Once the streams are deployed you can check the logs of the deployed applications via the SCDF UI or using the Skipper docker container as explained in the documentation. If you check the logs of the Log sink application you should see the CDC JSON messages similar to those:
Next go to the Grafana Dashboard using the buttons (or just open localhost:3000) and login as user:`admin` and password:`admin`. You can explore the Applications
dashboard to check the performance of the deployed pipelines. Now you can import the CDC Grafana Dashboard-Prometheus.json dashboard and see a dashboard similar to this:
The following queries have been used to aggregate the cdc_total
metrics inside Prometheus:
sort_desc(topk(10, sum(cdc_total) by (db, table)))
sort_desc(topk(100, sum(cdc_total) by (op)))
Tip
You can open the Prometheus UI at http://localhost:9090 to check the configuration as well as run some ad hoc PQL queries.
You can connect to the inventory CDC MySQL databases at localhost:3307
(user: root
and password: debezium
) and start modifying the data.
The following docker command shows how to connect to the mysql-cdc:
docker exec -it mysql-cdc mysql -uroot -pdebezium --database=inventory
The following script helps to generate multiple insert, update and delete DB transactions:
for i in {1..100}; do docker exec -it mysql-cdc mysql -uroot -pdebezium --database=inventory -e'INSERT INTO customers (first_name, last_name, email) VALUES ("value1", "value2", "val@bla"); UPDATE customers SET first_name="value2" WHERE first_name="value1"; DELETE FROM customers where first_name="value2";'; done
You will see the log-sink
logs reflecting those changes as well as the CDC dashboard charts updates.
In this blog, we saw how the CDC-debezium supplier and the Analytics consumer functions and their corresponding Spring Cloud Stream source and sink work. The supplier and consumer functions can be injected into custom applications for combining with other business logic.
The source and the sink applications are provided out of the box for use with Kafka and RabbitMQ middleware variants.
You can easily build standalone applications combining the Cdc-debezium supplier with Geode consumer to create and maintain an in-memory view of your database data. Similarly you can combine the Cdc-debezium supplier with the Elasticsearch consumer for maintaining in real-time a searchable index for your database data.

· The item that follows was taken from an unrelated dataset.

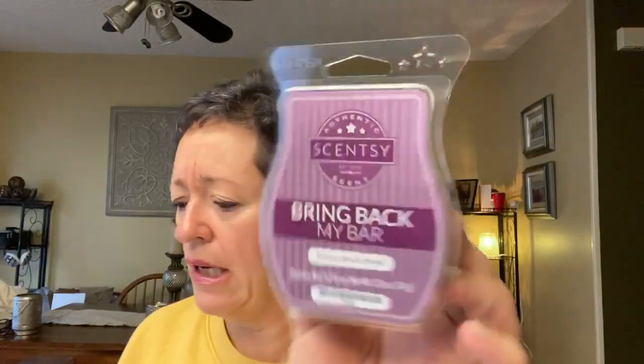Tahitian Black Orchid — one I was really looking forward to. A seductive tapestry of black orchid, dark plum, coconut milk, and white rose weaves a mysterious tale full of sweet surprises. It's light. I'm getting coconut milk and plum. I can't really say I'm getting orchid or white rose right now. I do like it, but I hope it gets stronger on the heat and all those notes come out because I was really looking forward to that one.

What is more exciting is that you can realize the above scenarios using the OOTB cdc-debezium source , geode sink and elasticsearch sink applications. You can build those pipelines over different message binders and source databases.
This Spring One presentation demonstrates an advanced use-case, using CDC-debezium and Machine Learning to build a streaming data pipeline for credit card fraud detection.